Aujourd’hui, si tu pouvais faire machine arrière, que changerais-tu pour mener une meilleure carrière chez les pros ?
Je débuterais dans une autre équipe (que Cofidis, NDLR). A l’époque, j'avais quasiment été contacté par toutes les équipes françaises. BigMat-Aubervilliers m’avait même proposé un contrat de quatre ans. Au vu de leur philosophie, je pense qu’ils ne m’auraient pas laissé sur le carreau à la suite de mon accident comme l'a fait Cofidis. J'étais très enthousiaste à l'idée de travailler avec Cyrille Guimard, un personnage du cyclisme. Malheureusement, il a quitté son poste en hiver.

« NE PAS VOIR QUE PAR LES WATTS »

Le temps est passé, et il a apporté des méthodes d’entraînement “modernes”. Aujourd’hui, la plupart des jeunes amateurs roulent avec un capteur de puissance. Et toi ? Que penses tu des nouvelles méthodes d’entraînement utilisées actuellement ?
J’ai déjà testé un capteur mais je l’ai vite retiré, par manque d’habitude. Je m’entraîne aux sensations et je n’ai même pas de compteur en compétition. J'aurais aimé en avoir un au début de ma carrière. Si on a un entraîneur compétent dans ce domaine, ces outils peuvent être un plus pour préparer ses objectifs. Mais il ne faut pas tomber dans l’excès et ne voir que par les watts... Ça ne fait pas tout.
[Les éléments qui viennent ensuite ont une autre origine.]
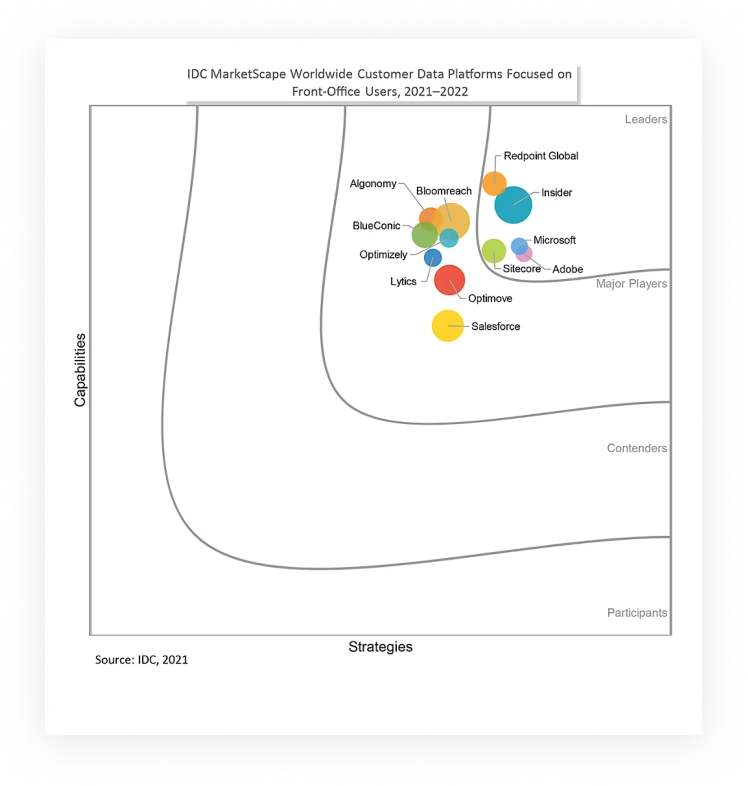 IDC CDP landscape report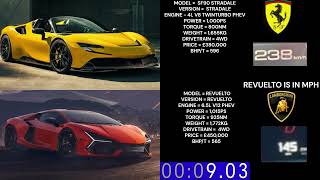 LAMORGHINI REVUELTO VS FERRARI SF90 STRADALE ACCELERATION 0300KMH [upl. by Sweyn739]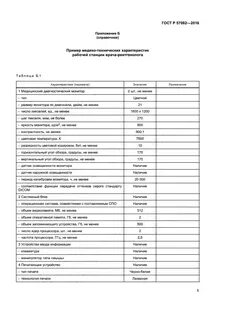 Нормативы работы врачей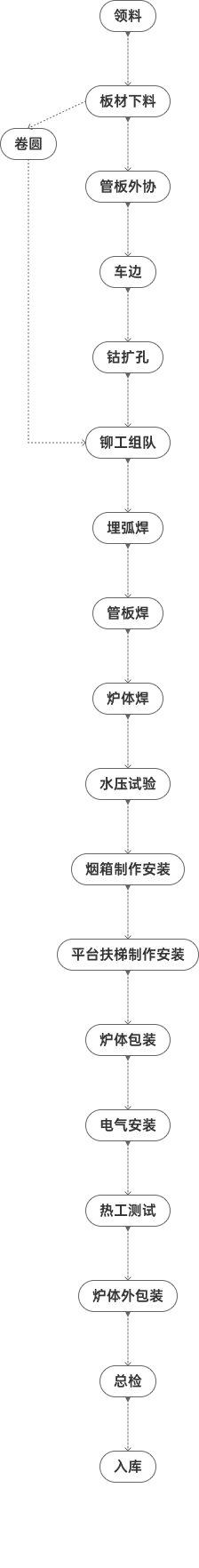 方快锅炉工艺流程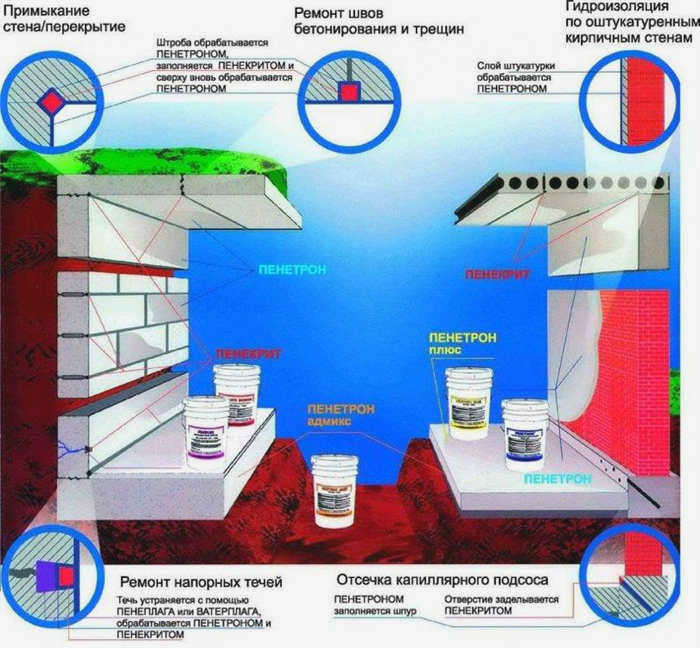 Когда используется бетонная гидроизоляционная мембрана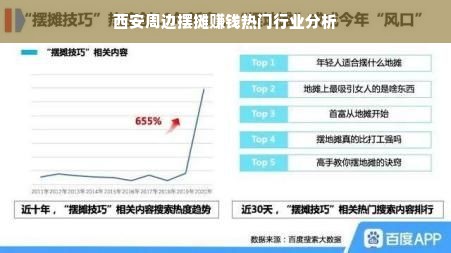 西安周边摆摊赚钱热门行业分析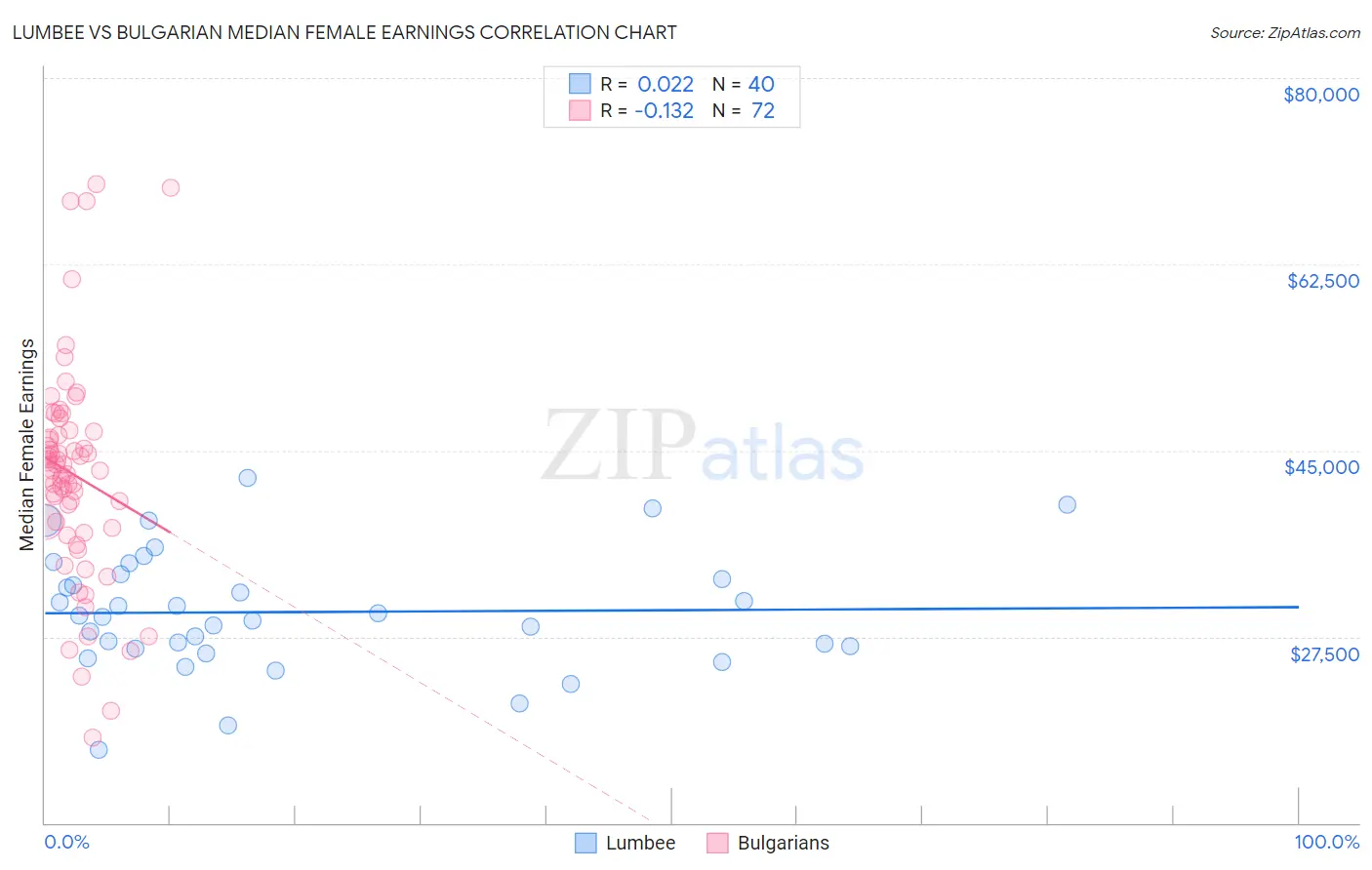 Lumbee vs Bulgarian Median Female Earnings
La façon de courir du peloton amateur a également évolué ?
Oui, beaucoup de coureurs font des efforts démesurés pour s’échapper, mais ensuite c’est souvent à celui qui va en faire le moins dans le groupe. Je pense que cette attitude est dictée par les directeurs sportifs. Les briefings des équipes DN sont souvent les mêmes : on ne roule pas si on n’est pas en surnombre, on ne roule pas si on est échappé avec untel, on ne roule pas si on n’est pas sûr de gagner ! Pour faire court, une majorité du peloton court sur la défensive.

Tu t'es adapté ?
Un peu, car j’ai un gros porte-bagage derrière mon vélo... Généralement je me déplace en groupe pendant les courses (rires). En début de course, je dois être très vigilant afin de ne pas louper les premières échappées, sinon c’est un enterrement de première classe.

« SUR LE VELO, JE NE SUIS PAS TROP MARRANT »

Comment te sens-tu perçu au sein du peloton, notamment par les jeunes ?
Certains m'apprécient, d'autres me détestent, mais cela m’importe peu. Je reçois beaucoup de messages de jeunes, souvent via Facebook. Il est vrai que lorsque je suis sur un vélo, je ne suis pas trop marrant (rires), c’est peut-être pour ça qu’ils n’osent pas venir me parler directement. Ils me demandent souvent des conseils, certains souhaitent que je les entraîne. Malheureusement, je n’ai pas le temps d’aider tout le monde. Je m’occupe d’un ou deux coureurs, comme je l’ai fait avec Nicolas Edet pendant deux ans, avant qu’il ne passe pro chez Cofidis.

Sens-tu une forme de respect, de crainte ou de jalousie par exemple ?
Il y a un peu des trois. Les jeunes que je côtoie dans mon équipe sont très respectueux. La jalousie concerne plutôt les coureurs qui se rapprochent de ma génération mais s’est souvent comme ça lorsque l’on gagne beaucoup, je crois…

L’un de ces jeunes a-t-il retenu ton attention ?
Oui, Warren Barguil. Indéniablement un futur grand.